1-1. 税務署提出期限(翌年1月31日まで)
年末調整に関する書類は、翌年の1月31日までに税務署へ提出しなければなりません。源泉徴収票の交付や給与支払報告書・法定調書合計表の提出なども、この期限までに完了する必要があります。
1-2. 社内での処理期限を設ける必要性
期限までに確実に年末調整の処理を終えるため、社内での書類提出にも期限を設けましょう。扶養控除申告書や保険料控除証明書などの回収には時間がかかり、不備の確認にも日数を要します。さらに、入力や計算・精算作業には担当者が処理するための一定の時間が必要です。
社内処理が遅れると、1月末までに提出すべき源泉徴収票や給与支払報告書が期限に間に合わず、法令違反につながる可能性があります。
また、社員への還付や住民税計算にも影響が出るため、余裕を持った社内スケジュールの設定が欠かせません。
1-3. 社内での提出期限はいつに設定すべきか
社員から年末調整に必要な書類を回収する期限は、法定の提出期限である翌年1月31日から逆算して余裕を持たせて設定しましょう。
多くの企業では11月初旬までには案内を配布し、提出期限を11月末から12月初旬頃としています。これは、不備の確認や差し戻しに時間がかかることや、12月支給の給与に年末調整の結果を反映させる必要があるためです。
特に余裕を持たせるためには、社員の書類の提出を11月末を期限として案内するのが望ましいでしょう。提出が遅れると税額が正しく計算されない可能性を周知し、社員に協力を求めることも大切です。
年末調整業務において、必要書類は複数あるため、書類の準備と作成に抜け漏れがないか不安なご担当者様もいらっしゃるのではないでしょうか。年末調整にかかる書類は抜け漏れが発生したり、提出期限に間に合わなかったりすると、影響が大きい書類です。
書類準備や提出においてミスが発生しないよう、当サイトでは、必要書類のリストや提出期限等をまとめた資料を無料で配布しております。年末調整業務を抜け漏れなくおこないたい方は、こちらから「年末調整ガイドブック」をダウンロードして、業務にお役立てください。
2. 年末調整とは


年末調整はどのような目的でおこなわれるのか、基本的な流れと期限が重要である理由を解説します。
関連記事:年末調整とは?目的や確定申告との違い、基本的な流れを人事担当者向けに解説
2-1. 年末調整の目的と基本的な流れ
年末調整の目的は、社員が本来支払うべき所得税を計算し、その年の給与から毎月源泉徴収された所得税額との差額を精算することです。

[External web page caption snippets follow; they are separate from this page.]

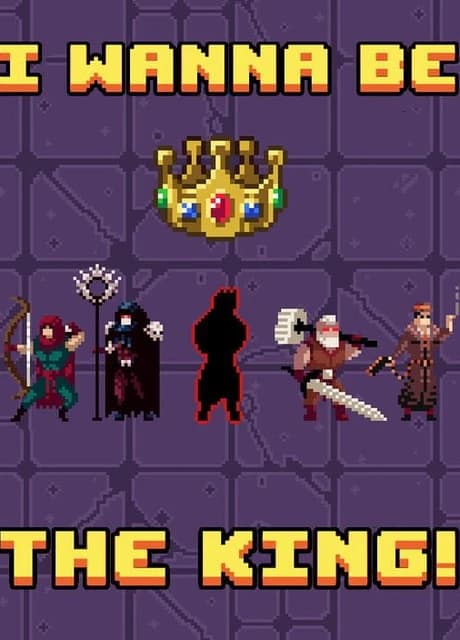 I Wanna Be the King!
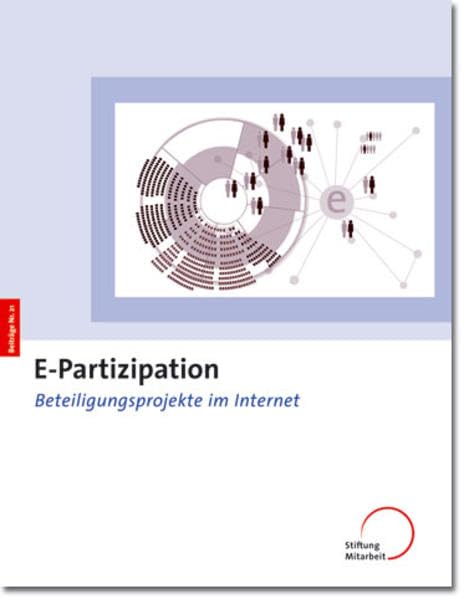 E-Partizipation: Beteiligungsprojekte im Internet (Beiträge zur Demokratieentwicklung von unten) Law
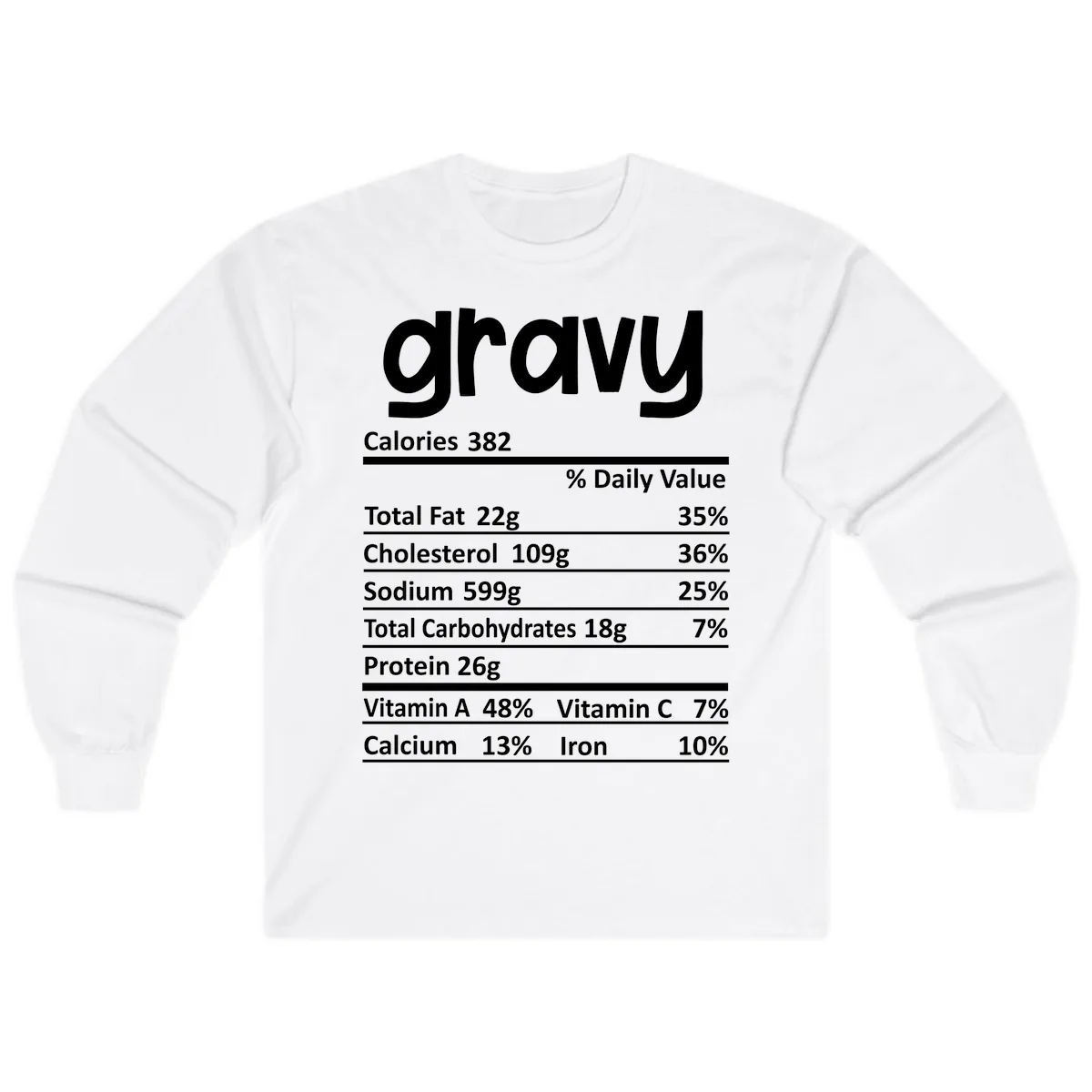 Nutrition Facts Gravy Design Long Sleeve in White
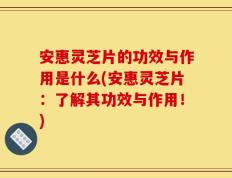 安惠灵芝片的功效与作用是什么(安惠灵芝片：了解其功效与作用！)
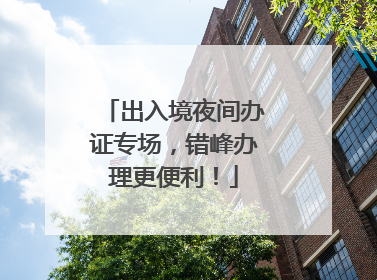 出入境夜间办证专场，错峰办理更便利！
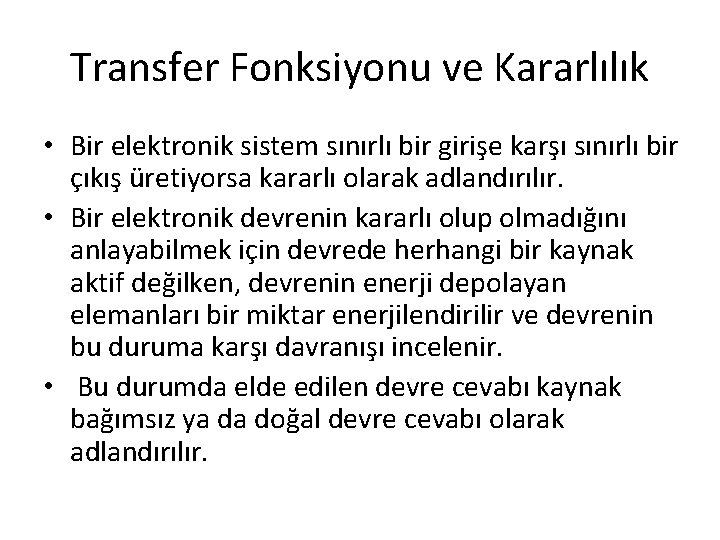 Transfer Fonksiyonu ve Kararlılık • Bir elektronik sistem sınırlı bir girişe karşı sınırlı bir Transfer Fonksiyonu ve Kararlılık • Bir elektronik sistem sınırlı bir girişe karşı sınırlı bir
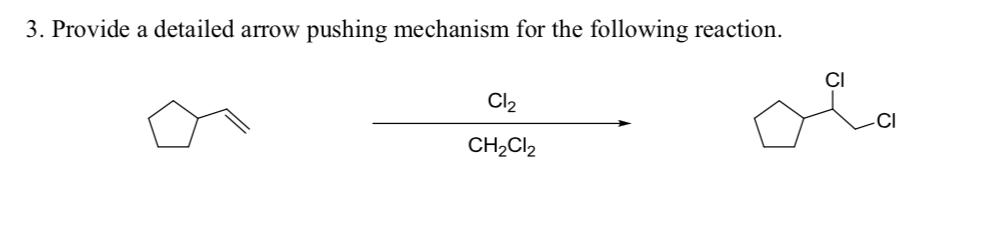 Solved 3. Provide a detailed arrow pushing mechanism for the | Chegg.com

毎月の給与から天引きされる所得税額は、その年の予定給与額に基づいて計算されています。しかし、年間の途中で給与の変動や扶養家族の増減、生命保険料の支払いなどがあった場合、実際に支払うべき所得税額との間にずれが生じてしまいます。
このずれを年末にまとめて調整するために年末調整が必要なのです。年末調整は、原則として、社員に給与を支払っている会社が社員に対しておこないます。
基本的な流れは次の通りです。
- 会社は社員に対し、「給与所得者の扶養控除等(異動)申告書」「給与所得者の保険料控除申告書」「給与所得者の基礎控除申告書 兼 給与所得者の配偶者控除等申告書 兼 所得金額調整控除申告書」などの必要な書類を配布し、記入してもらい回収します。
- 回収した申告書の内容(扶養親族の有無、保険料の支払い状況など)と、添付された控除証明書などを確認します。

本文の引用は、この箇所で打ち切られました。